Eleanor
Diamond Member
Can barely bring myself to post. Horribly written. Maybe incoherent. Not my usual problems. Interesting....Here goes
I hope I don't offend any supporters here. I guess I am sort of implying that we need help too - and not just with the coping stuff. I could be wrong about all of this. Ok I'll stop apologizing before the fact and just shut up.:speechless:}
Update on me and mine to preface the question: Husband is doing EMDR (decided to go with the therapist who husband connected to immediately) 5 year old is in therapy. I just started with same therapist as husband. Husband doing very well. 5 year old is quite happy with her doc.
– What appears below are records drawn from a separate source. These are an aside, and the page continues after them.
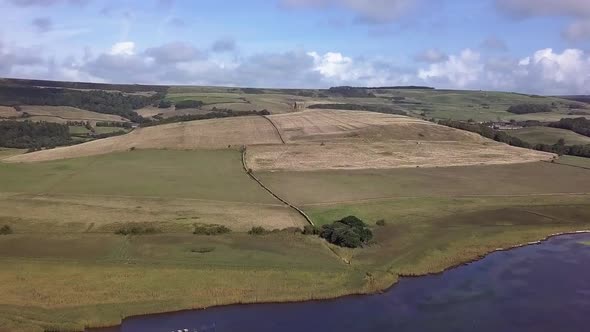 Extremely wide aerial shot centring on the Chapel of St Catherine's near the village of Abbotsbury,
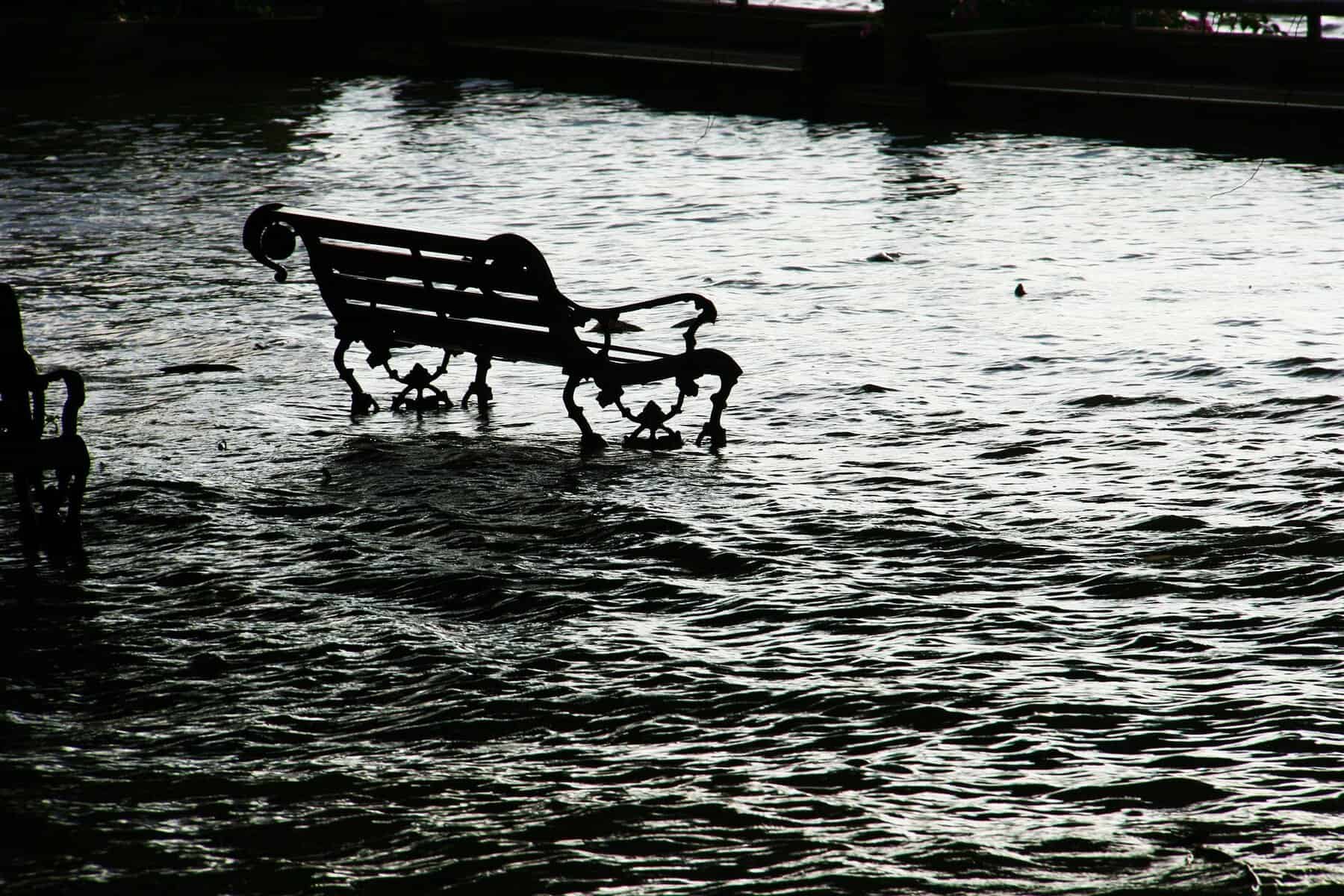 A bench sits surrounded by floodwaters in this black and white image.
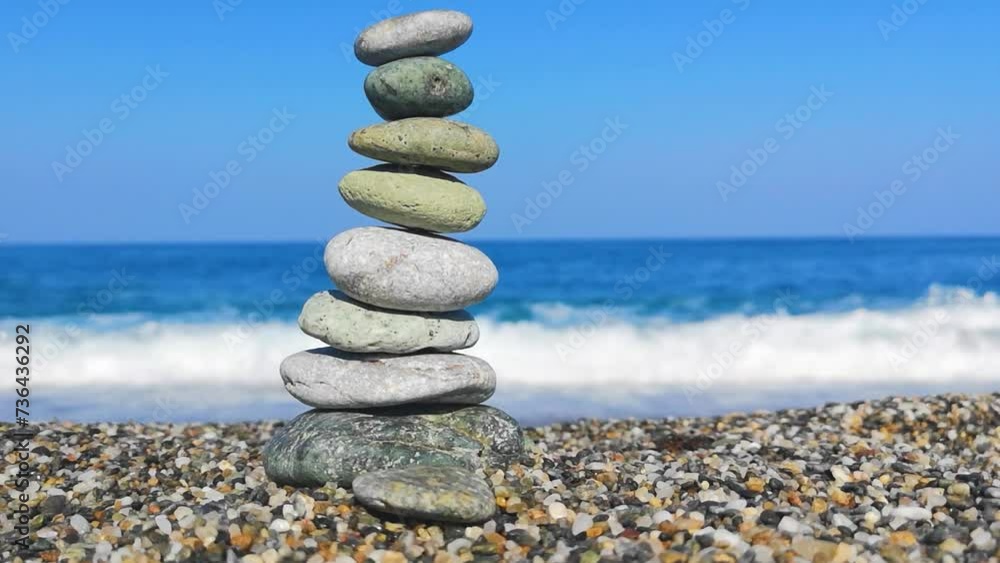 Pyramid of light stones on pebble beach against background sea waves. Ocean shore zen. Concept of calm, yoga, self-improvement, construction, games, travel, tourism Pyramid of light stones on pebble beach against background sea waves. Ocean shore zen. Concept of calm, yoga, self-improvement, construction, games, travel, tourism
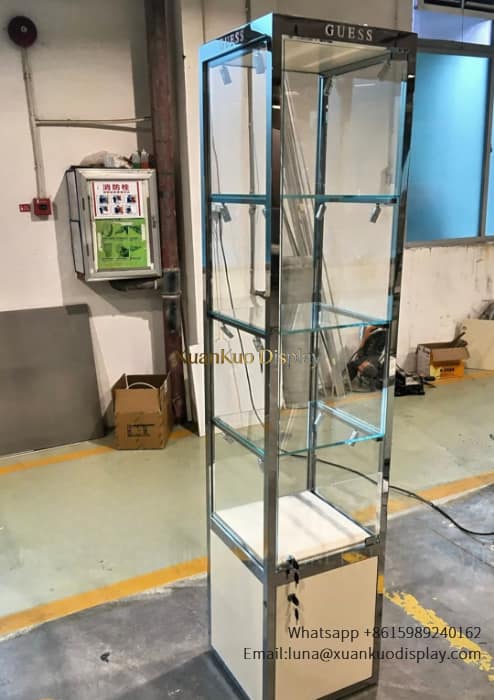 jewellery shop interior design Vietnam Luxury tower display showcase vertical glass cabinet with integrated spot lighting for premium retail store interior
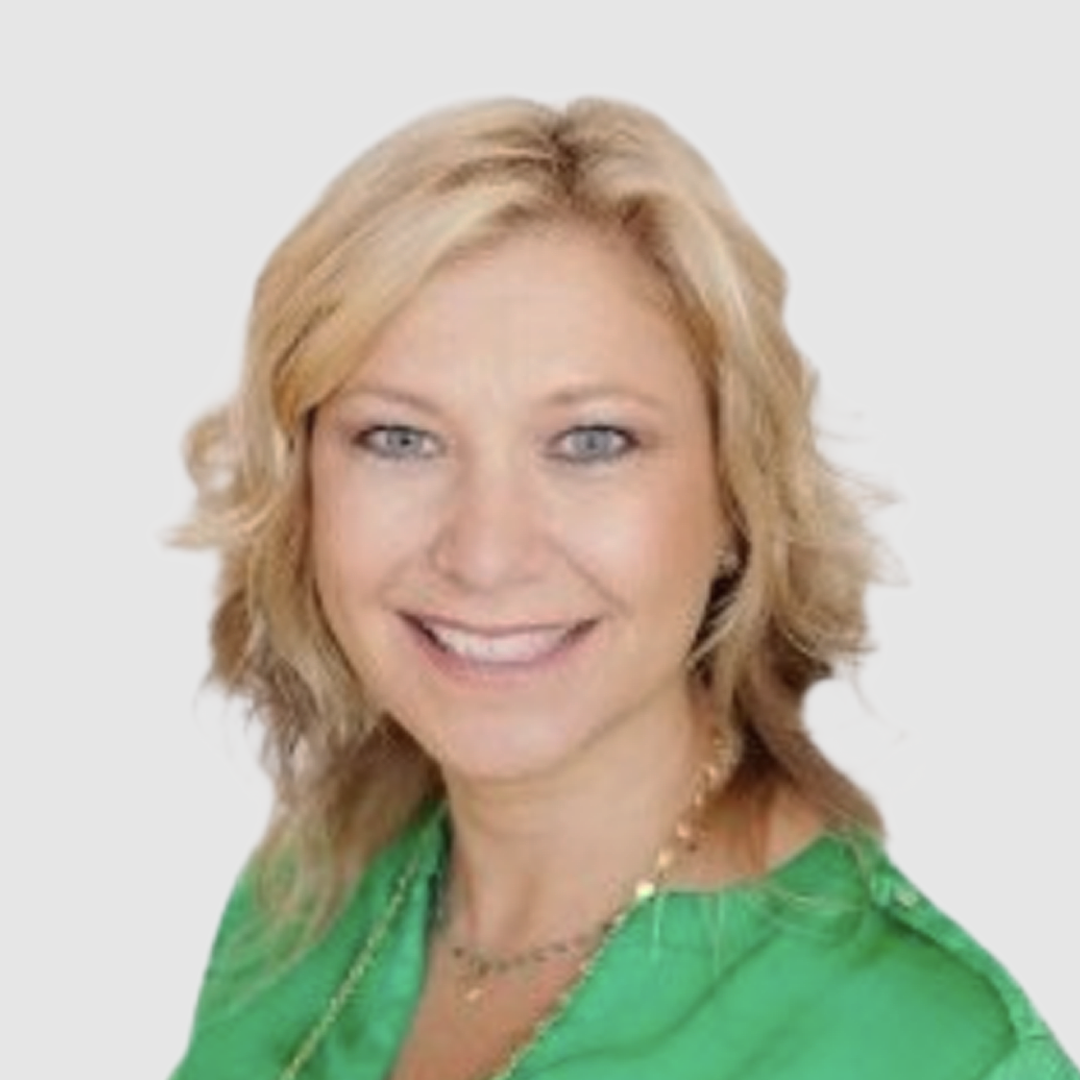 A smiling woman with blonde hair wearing a green blouse and a gold necklace.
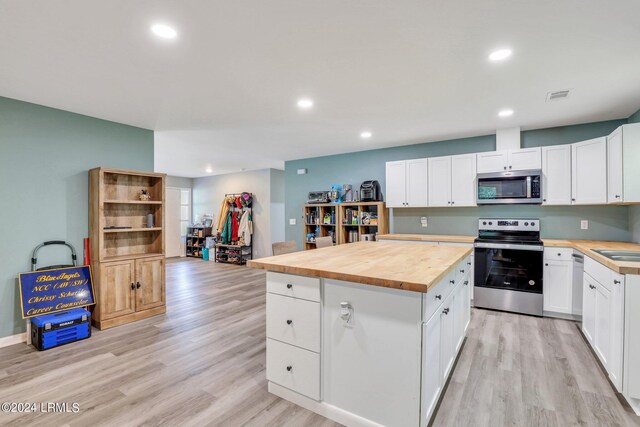 kitchen featuring stainless steel appliances, light hardwood / wood-style floors, butcher block countertops, and white cabinets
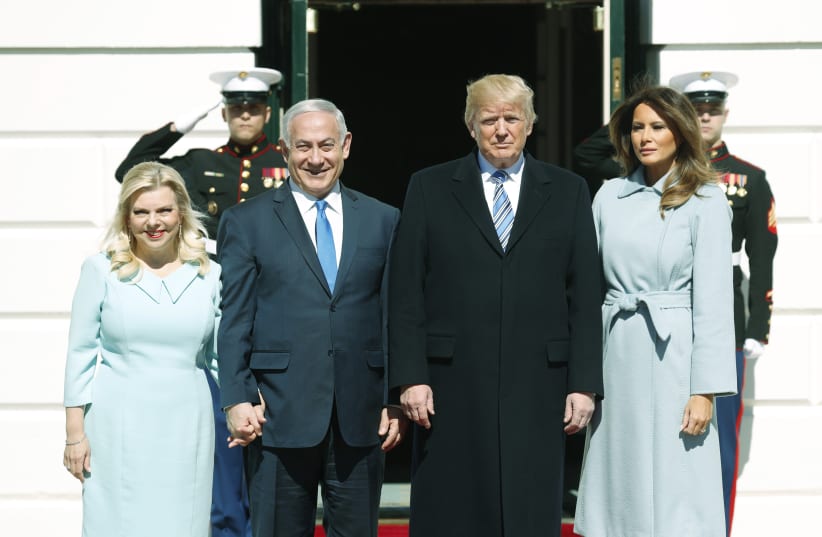 U.S. President Donald Trump and first lady Melania Trump welcome Israeli Prime Minister Benjamin Netanyahu and Mrs. Netanyahu at the White House in Washington, U.S., March 5, 2018. (photo credit: KEVIN LAMARQUE/REUTERS)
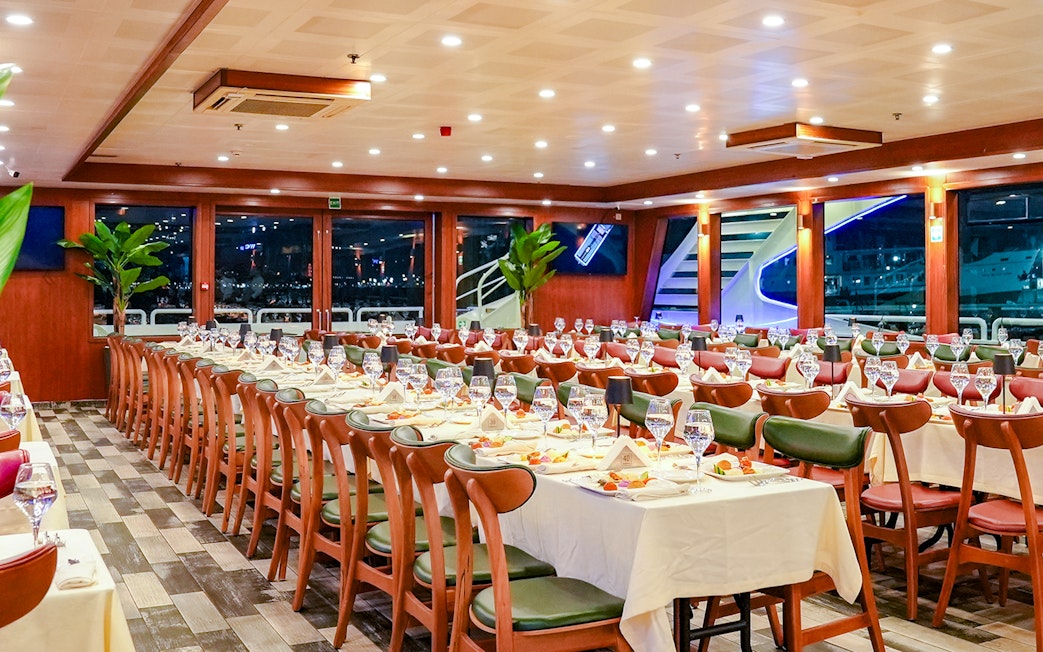 Dinner tables set for Bosphorus 4-Course Dinner Cruise, featuring elegant table settings and large windows.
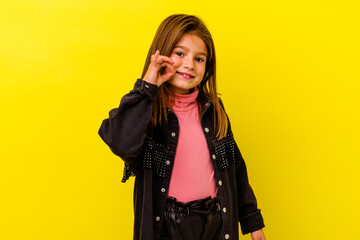 Little caucasian girl isolated on yellow background cheerful and confident showing ok gesture.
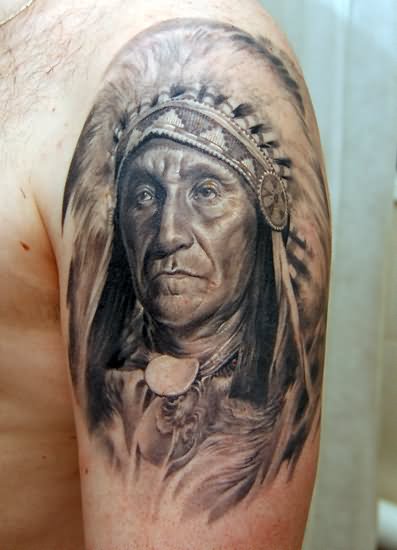 Black And Grey Native Indian Tattoo On Left Shoulder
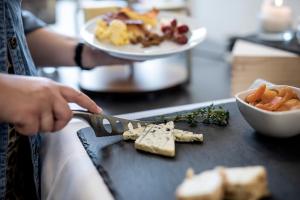 a person cutting up some food on a cutting board at KOMPAS Hotel Aalborg in Aalborg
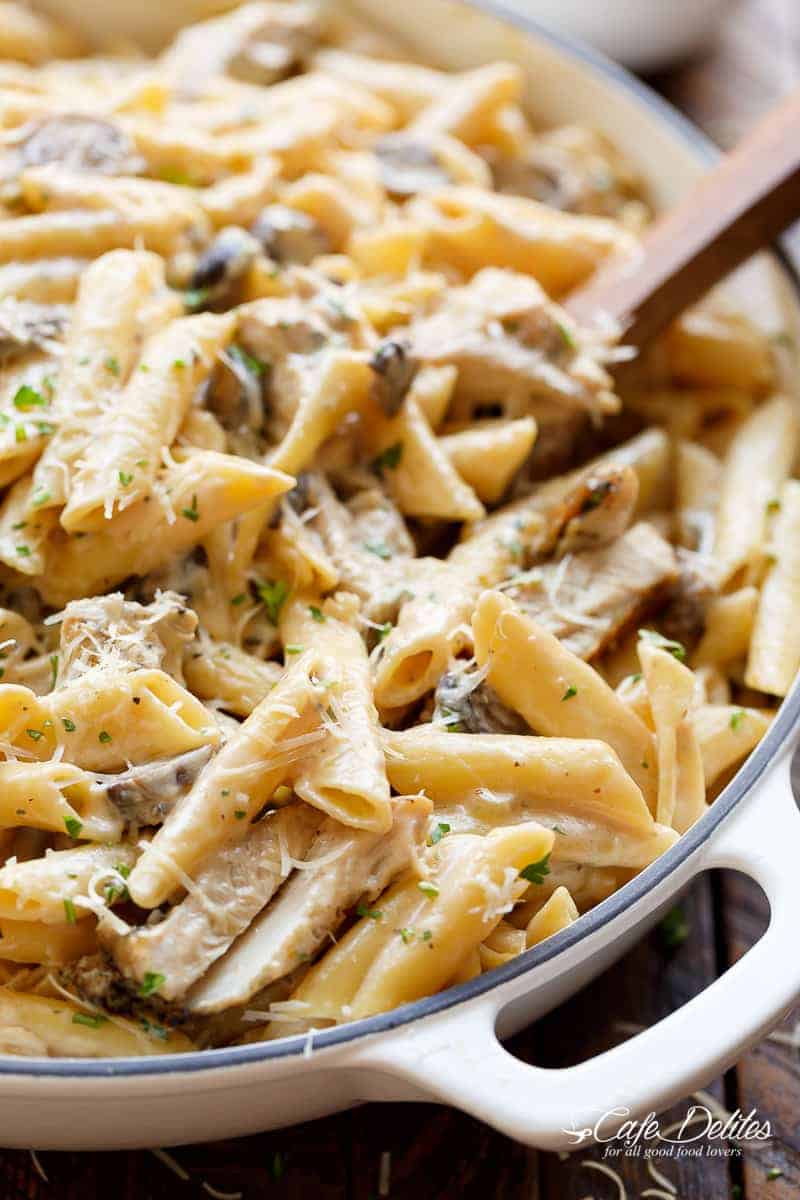 Seared chicken strips mixed through this One-Pot Creamy Mushroom Chicken Pasta, with garlic, mushrooms AND parmesan cheese with fresh herbs sprinkled over the top. I wooden spoon is mixing the pasta in a le creuset pot. 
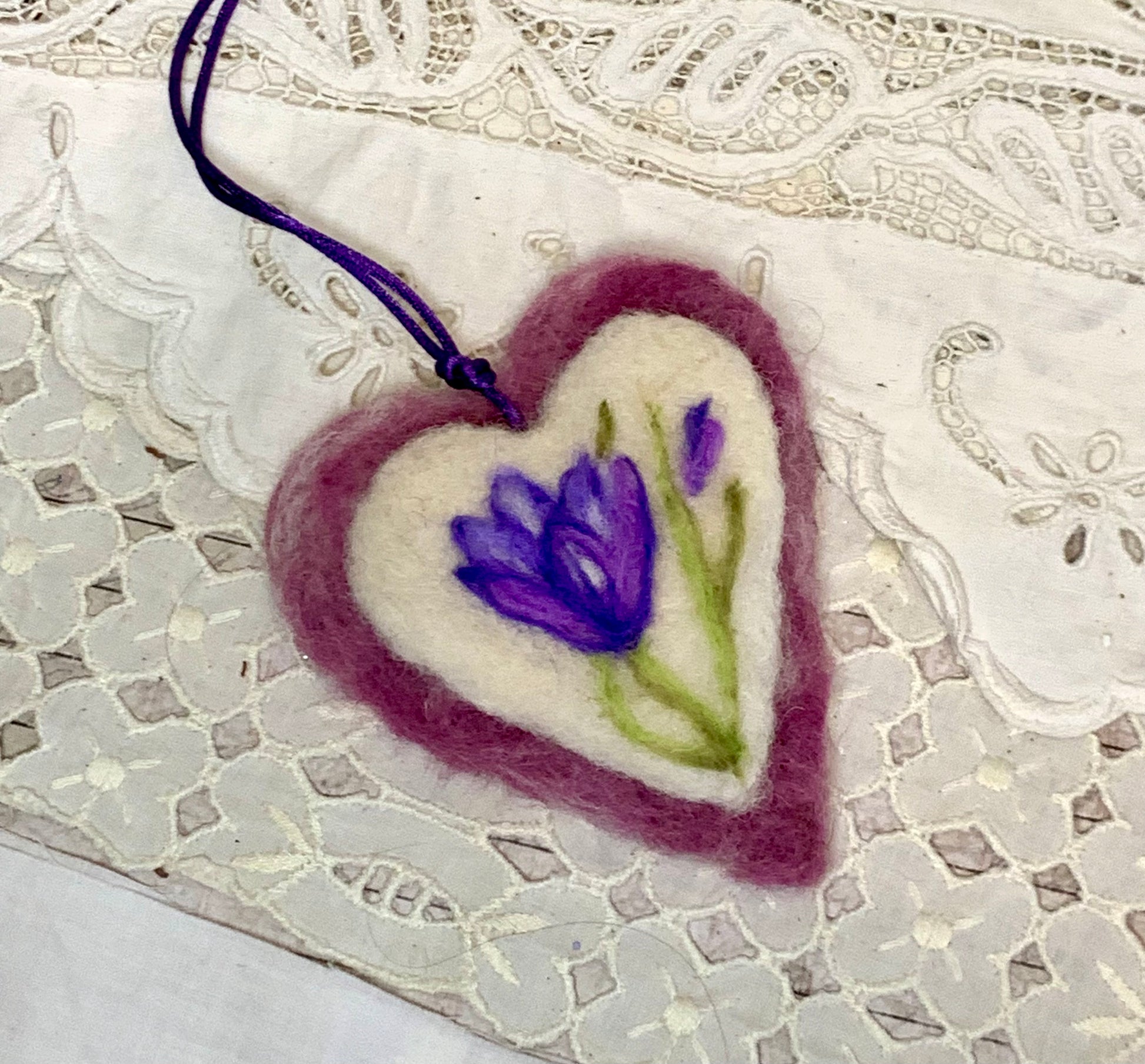 Heart-shaped felted pendant with a purple flower design on a lace background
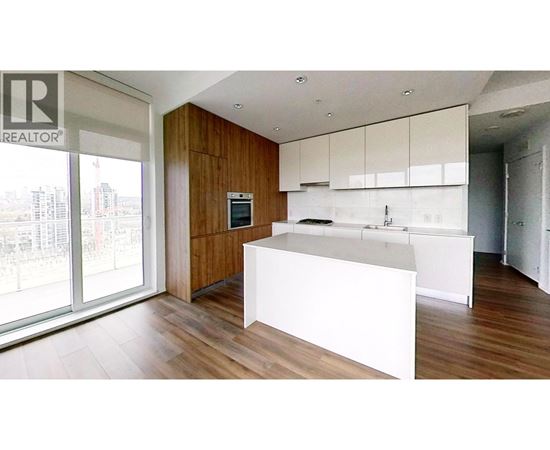 A modern kitchen with white countertops and wooden cabinets.
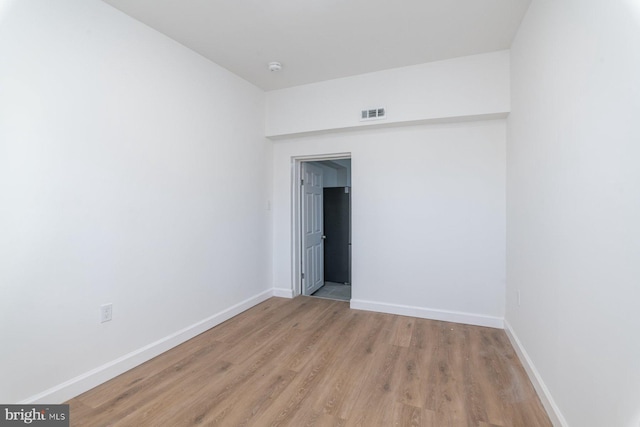 spare room featuring visible vents, light wood-type flooring, and baseboards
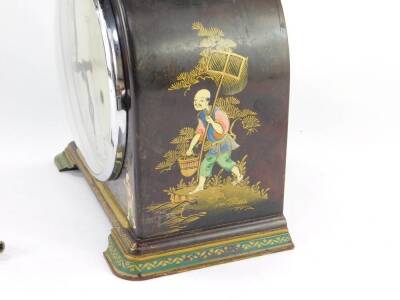 A Smiths Enfield brown Bakelite and japanned lacquered mantel clock, silvered dial bearing Arabic numerals, eight day movement with coil strike, the case decorated with Oriental figures, and a phoenix, with pendulum, with key, 22cm wide. - 2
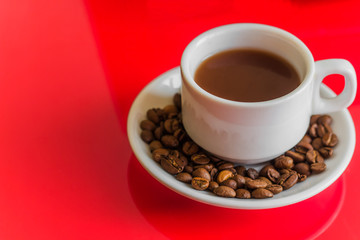 white coffee mug on a red background.  copy space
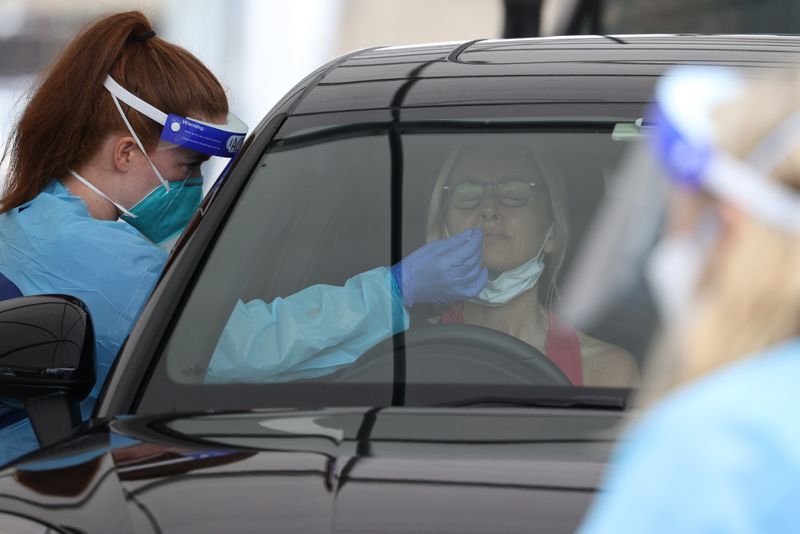 A medical worker swabs a member of the public at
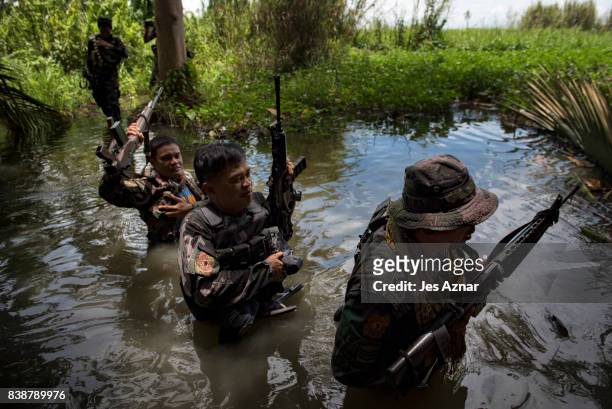 Moro Islamic Liberation Front Fighters and local police walk through a marshland on their way to the frontline of battle against extremists on August...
Waiting on second session for T with me.
My question grows out of the theory that a person falls in love with another person who has (in the negative) congruent neuroses.
Here is where my question comes from: The T says "let me reframe that in a more positive way: we fall in love with people who offer us opportunities for healing." Right. Hopefully everybody knows what I mean. So I am talking to T about my first husband (basically a slightly worse version of my dad who is so mildly Asperger's-y that you have to know him really really well to even suspect) and mentioned that I decided on divorce (after 10 or so years) because I couldn't "fix" him, and couldn't live with him as was. I said it spooked me because I had worked really hard to give up my "rescuer" habit with respect to people - and went looking for someone who Did Not Need Rescuing - and found... my husband, who has PTSD and needs rescuing - oops NOT - he has to rescue himself. T looks pleased, says something about thereputic something or other.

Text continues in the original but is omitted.